**TASK DETAILS:** Repeat, please, exactly the lines from the one that has "Here's more information" through the end of the records below, with pictures dropped.

━━ DATASET RECORDS ━━

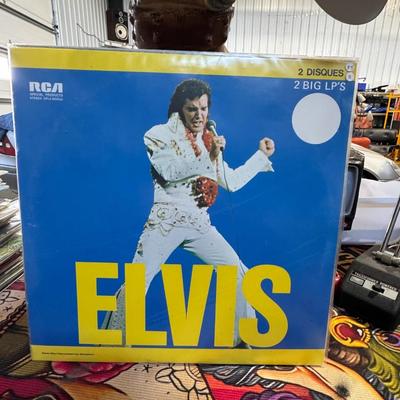 Sale Photo Thumbnail #143: Elvis Presley double LP vinyl album, released by RCA Records in 1973. 
Here's more information about this album:
Title: Simply titled "ELVIS", as prominently displayed on the cover.
Format: It is a double LP (2 Big LP's/2 Disques), indicated on the cover 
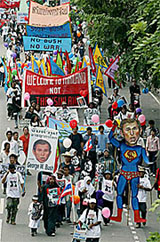 Protesters march along a street during an anti-US demonstration in Bangkok 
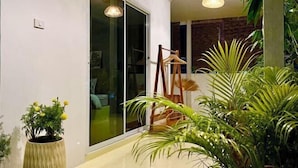 A modern interior with a sliding glass door leading to a balcony, a hanging light fixture, and indoor plants. - The Summer Cottage (Koh Chang)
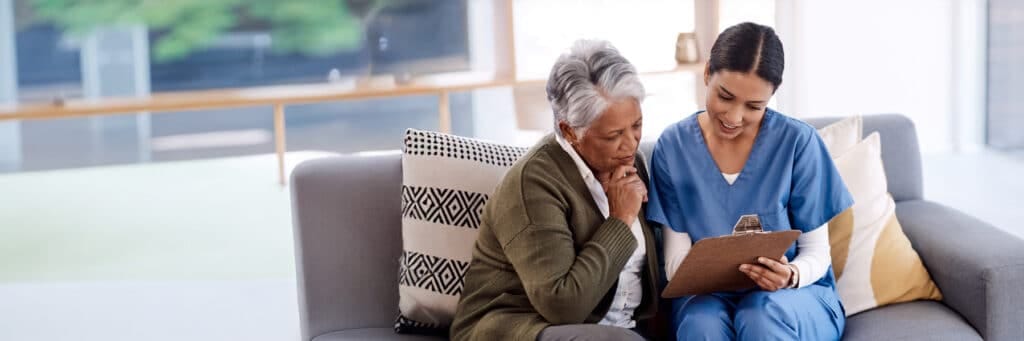 Caregiver showing a document to a resident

━━━

**WRITTEN RESPONSE:**
Here's more information about this album:
Title: Simply titled "ELVIS", as prominently displayed on the cover.
Format: It is a double LP (2 Big LP's/2 Disques), indicated on the cover 
 Protesters march along a street during an anti-US demonstration in Bangkok 
 A modern interior with a sliding glass door leading to a balcony, a hanging light fixture, and indoor plants. - The Summer Cottage (Koh Chang)
 Caregiver showing a document to a resident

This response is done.